Let's assume we have the following sets of words:

- `X = ['artist', 'painter', 'sculptor']` (creative professions)
- `Y = ['chef', 'baker', 'cook']` (cooking professions)
- `w = 'man'` (attribute word)

We calculate the similarity between `w = 'man'` and each word in `X`, then take the average to get `sim_X`. Similarly, we compute the similarity between `w = 'man'` and each word in `Y`, and calculate `sim_Y`. Finally, we compute the difference `sim_X - sim_Y` to get the differential association.

#### Interpretation:
- If the result is positive, it means the word `w` (e.g., 'man') is more associated with the words in set `X` (e.g., 'artist', 'painter', 'sculptor').
- If the result is negative, the word `w` is more associated with set `Y` (e.g., 'chef', 'baker', 'cook').


#### Implications:
- The score reflects potential biases in the embeddings, which can have real-world consequences in NLP applications.

In [None]:
WEAT_score = sum([s(a, X, Y) for a in A]) - sum([s(b, X, Y) for b in B])

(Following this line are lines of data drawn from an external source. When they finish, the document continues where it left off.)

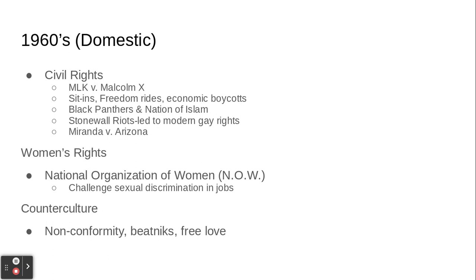The Stonewall riots happened in New York — a raid on a popular gay hangout led to a confrontation where people were killed, and that sparked the modern-day gay rights movement. Miranda v. Arizona happens in 1966, giving us Miranda rights: police must tell you why you're being arrested, that you have the right to remain silent and the right to counsel — things you've seen in movies.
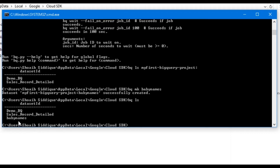Here you can see the baby_names dataset is created and we have the dataset ID. Loading a dataset in Cloud SDK for BigQuery is different from loading in the web console — here you have to define the schema yourself, whereas in the cloud console there is an option for automatic schema generation. In this command line interface we will write 'bq load' followed by the dataset name.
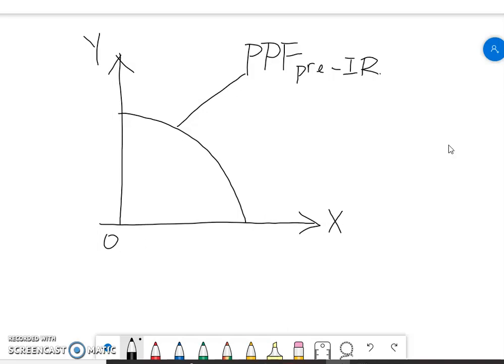You can put A or B, or X1 and X2, or any labels you prefer — or replace them with specific examples like cars and potatoes that we used before. So here we've already put the PPF pre-industrial revolution on the graph. Remember, you're supposed to label the axes and the curves carefully.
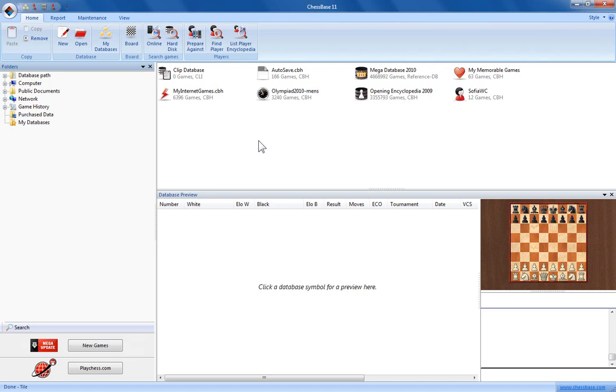In this video we're going to take a look at changing the layout and appearance of your Chessbase 11 program. You can see here on the Chessbase 11 main screen we've got three main window panes open.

print(f"WEAT score: {WEAT_score}")


WEAT score: -0.06243427547253355


### Summary:
1. Define your word sets (`X`, `Y`, `A`, `B`).
2. Calculate the differential association for each word in `A` and `B`.
3. Compute the sum of differential associations for both sets (`A` and `B`).
4. Subtract the sums to obtain the WEAT score.
5. Interpret the score to understand the bias between the groups.